Log name/base_uri of rendered document.
Can we know if it is a gresource? Or a byte buffer? Did it come from gdk-pixbuf?
Implementation
There is currently the start of a Session
type woven throughout the source code, with the idea of it being the
thing that records logging events, it may be better to plug into the tracing
ecosystem:
https://crates.io/crates/tracing
Initial ideas:
See the “In libraries” section in
tracing
’s README; it shows how to create spans for API calls.How would we capture from gnome-shell? tracing-journald?
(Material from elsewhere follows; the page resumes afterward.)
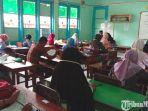 try-out-sbmptn-di-aula-man-2-pamekasan.jpg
Or would things be easier for casual users if we logged to a file?
Maybe later, have a
tracing-sysprof
crate to send the events to sysprof?
Log contents
/home/username/rsvg.log - json doesn’t have comments; put one of these in a string somehow:
******************************************************************************
* This log file exists because you enabled logging in ~/.config/librsvg.toml *
* for the "gnome-shell" process. *
* *
* If you want to disable this kind of log, please turn it off in that file *
* or delete that file entirely. *
******************************************************************************
******************************************************************************
* This log file exists because you enabled logging with *
* RSVG_LOG_CONFIG=config.toml for the "single-process-name" process. *
* *
* If you want to disable this kind of log, FIXME */
******************************************************************************
To-do list
Audit code for GIO errors; log there.
Audit code for Cairo calls that yield errors; log there.
Log the entire ancestry of the element that caused the error? Is that an insta-reproducer?